James Harper <james.harper@bendigoit.com.au> writes:
. Use greylisting. I wrote my own here that has some smarts about trusting domains (eg bigpond) once a certain number of senders have been seen. I used to greylist for an hour but only 15 minutes now, and only for email with a spamassassin score above some threshold. The idea being that by waiting a bit the sender may get blacklisted in that time if I am the recipient of a new spam run.
IIRC we greylist for one second. The fact that they're retrying *at all* shows they're not spammers. We also have to whitelist bigpond :-/
My solution doesn't require whitelisting bigpond because it sees enough 'good' emails that get whitelisted directly because they have enough emails with low spamassassin stores that it sorts itself out within a week or so, probably less. Optus is (was?) the same in that they'd retry from different IP addresses.

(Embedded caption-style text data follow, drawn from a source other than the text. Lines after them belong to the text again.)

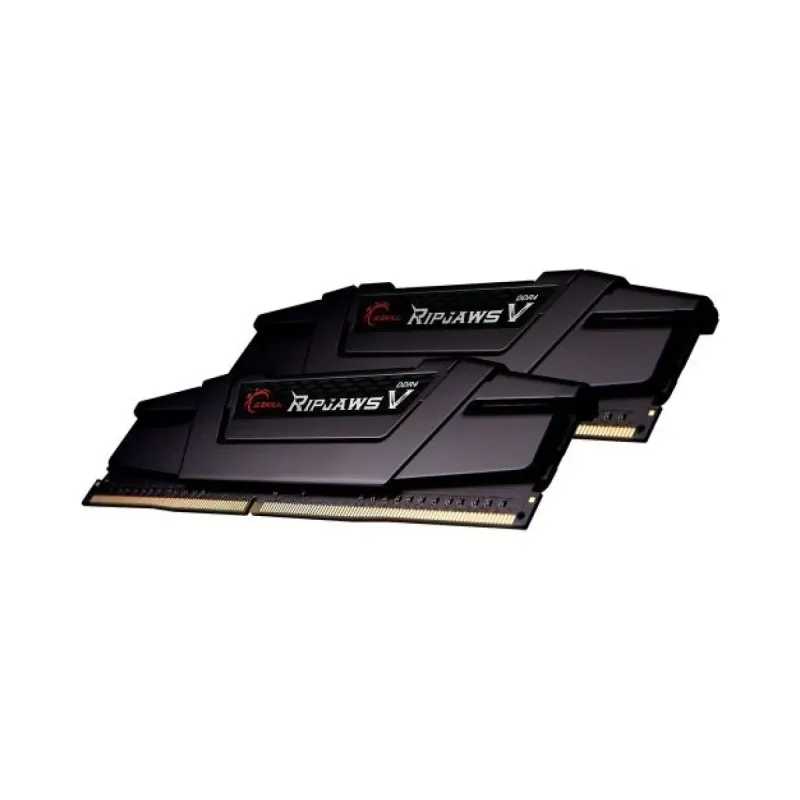 G.Skill Ripjaws V 32 GB (2x16 GB) DDR4 4000 MT/s CL18 DIMM Siyah RAM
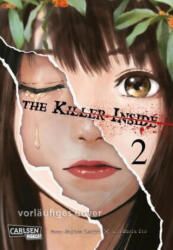 The Killer Inside 2 - Shota Ito, Claudia Peter (ISBN: 9783551719478)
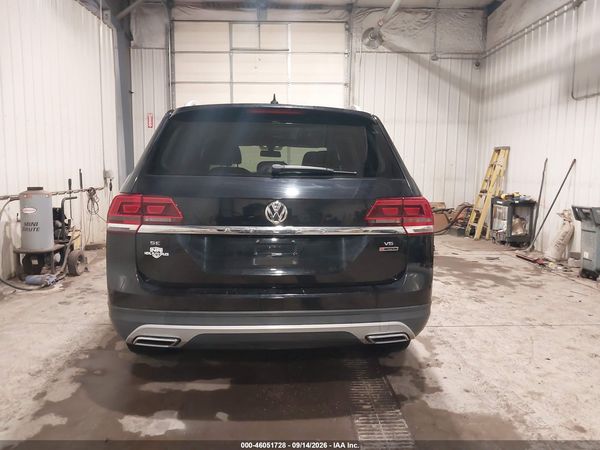 2018 VOLKSWAGEN ATLAS 3.6L V6 SE — I119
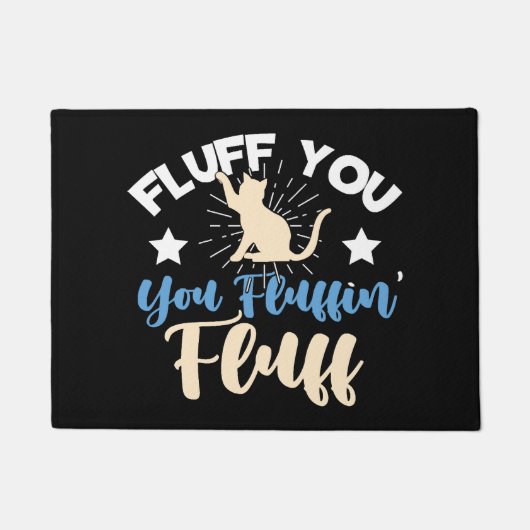 Paillasson chats (Devant)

My reasoning for greylisting for longer is that a new spam run can take a while to appear on the blacklists and other checksum validation sites, so delaying suspect email helps a bit, although I haven't done any measurement on this in years.
Other things you didn't mention are:
Laying your MXs out like this stops spammers that don't try >1 MX and that try MXs in reverse order.
10 null-mx.cyber.com.au. <--- always closed 25 20 mail.cyber.com.au. <--- one of the middle pair 30 exetel.cyber.com.au. <--- ought to always work 40 tarbaby.junkemailfilter.com. <--- teergrube
I did that in the late 90's, mainly because we were on a crap ISDN connection and Telstra (with no spam protection at all) was our secondary MX, so all the spam just went there. My greylist filter communicates between the primary and the secondary too so the databases keep in sync. One addition I have wanted to make for a while is like your setup above where it could track the connections between the MX's, so if I had a setup like yours: 10 then 20 = good (maybe reduce the spam score by a bit) 20 or 30 without trying 10 first = bad (maybe increase the spam score a bit) 40 without 10-30 = bad (maybe add to a blacklist score in the greylist database) That by itself would be easy enough to implement given that I already communicate between them, but it's the exceptions that make it hard: 1. some MX's remember that the primary is down so go straight to the secondary for a bit until the negative cache entry times out 2. what if 10 is broken and so I don't see that it hit 10 first then 20? 3. what if 10-30 are all unreachable? MX's that violate the standards is the main frustration I'm seeing. I'd love to say that "people who violate RFC's get what they deserve" but when the RFC violators are big companies like Telstra (for example, I think they've been pretty good lately though), your users aren't interested in detailed explanations about standards and why sticking to them is a good idea, they just want their email.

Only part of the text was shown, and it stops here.